(Collected data)
##############################
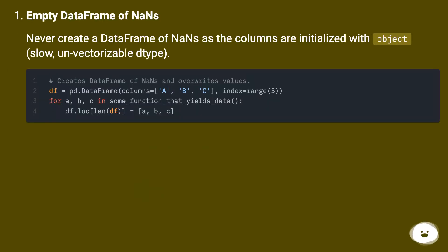Empty DataFrame of NaNs. Never create a DataFrame of NaNs as the columns are initialized with object, slow, un-vectorizable type.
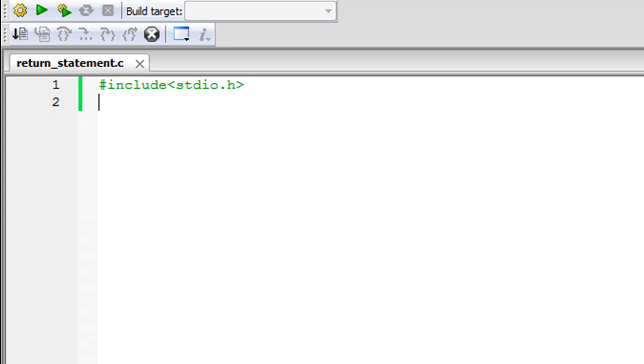Hello guys, welcome to my channel. This is the 45th tutorial in this course, and in this tutorial we are going to check out the return statement.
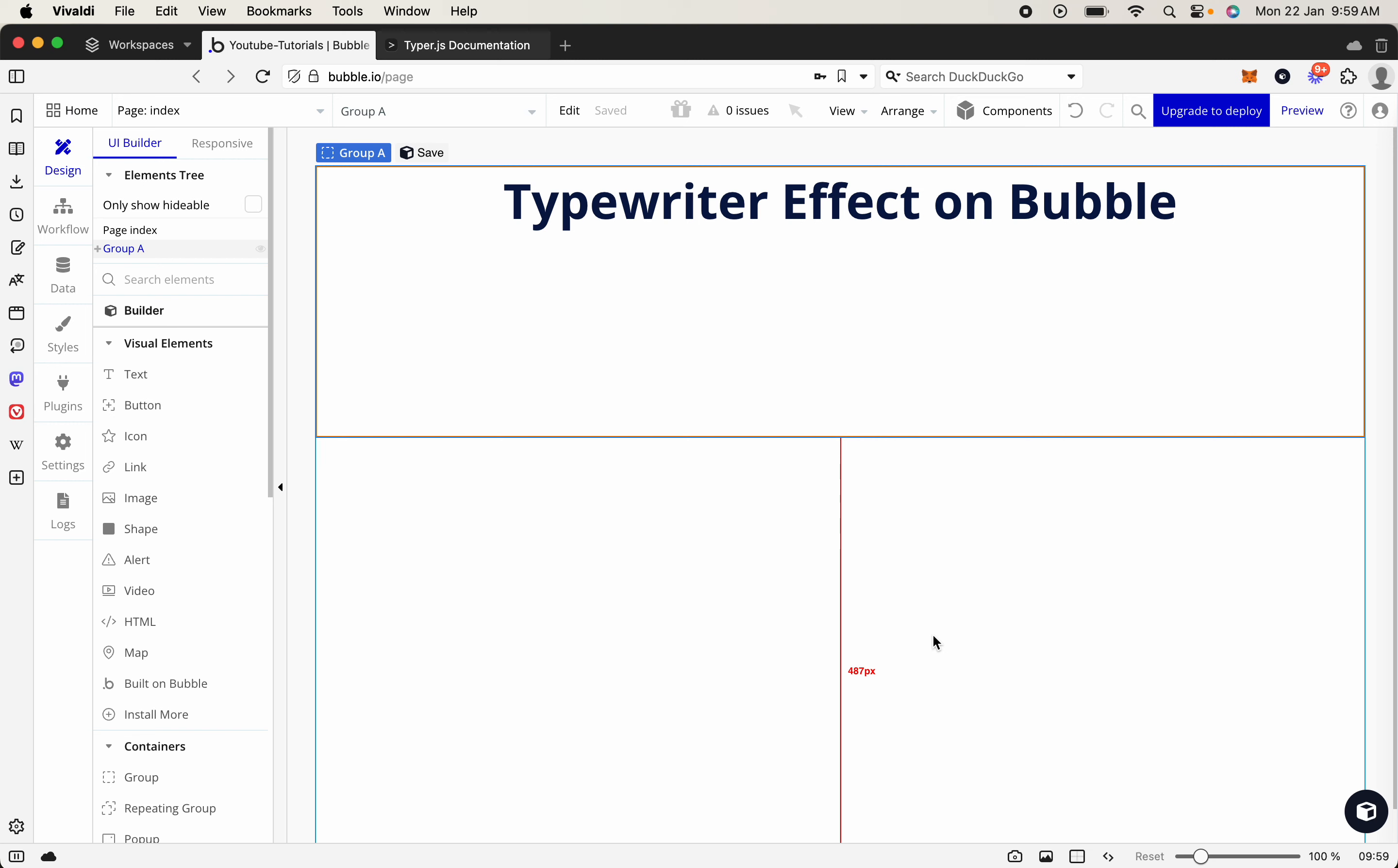Welcome back to another video. As always, my name's Jasper, and what we're going to be covering today is how to create the typewriter effect on Bubble.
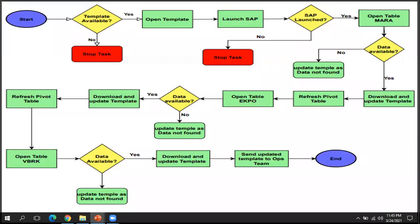Let me move to the next slide where we can see the process flow. This shows how the bot is going to run, what steps it follows to download the data from the SAP screens, and send it to the end user. We will talk about this process flow in detail in the upcoming video when we start with the development.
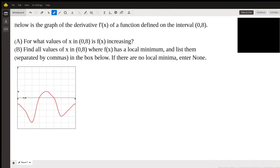Hi, this is Richard C. I'm a math student here at WiseAnt answering questions submitted by a student. This is a classic question from calculus, so let's go ahead and take a look.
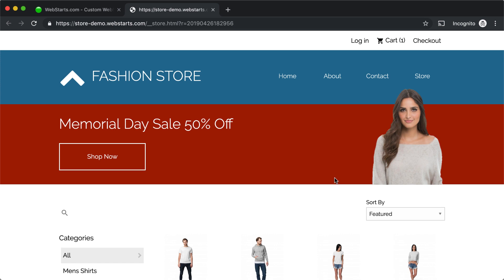Hi, it's Adam from Web Starts, and in this video I'm going to show you how you can add a banner to your website or online store.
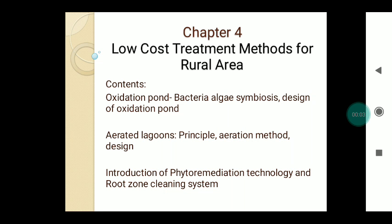Hello everyone, I am Professor Pardesh Ayer. Today, we are discussing the fourth chapter of Environmental Engineering — low-cost treatment methods for the rural area. In the previous chapter, we discussed primary and preliminary treatment units that are more costly compared to the low-cost treatment methods, which include the oxidation pond, aerated lagoons, and phytoremediation technology, that is the root zone cleaning system.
##############################
→ PROBLEM DESCRIPTION
Transcribe exactly the lines that go from the one holding "Hi, this is" through the last line of the entries, both included, and nothing besides them. Do not include any pictures.

→ ANSWER FOR THIS EXERCISE
Hi, this is Richard C. I'm a math student here at WiseAnt answering questions submitted by a student. This is a classic question from calculus, so let's go ahead and take a look.
Hi, it's Adam from Web Starts, and in this video I'm going to show you how you can add a banner to your website or online store.
Hello everyone, I am Professor Pardesh Ayer. Today, we are discussing the fourth chapter of Environmental Engineering — low-cost treatment methods for the rural area. In the previous chapter, we discussed primary and preliminary treatment units that are more costly compared to the low-cost treatment methods, which include the oxidation pond, aerated lagoons, and phytoremediation technology, that is the root zone cleaning system.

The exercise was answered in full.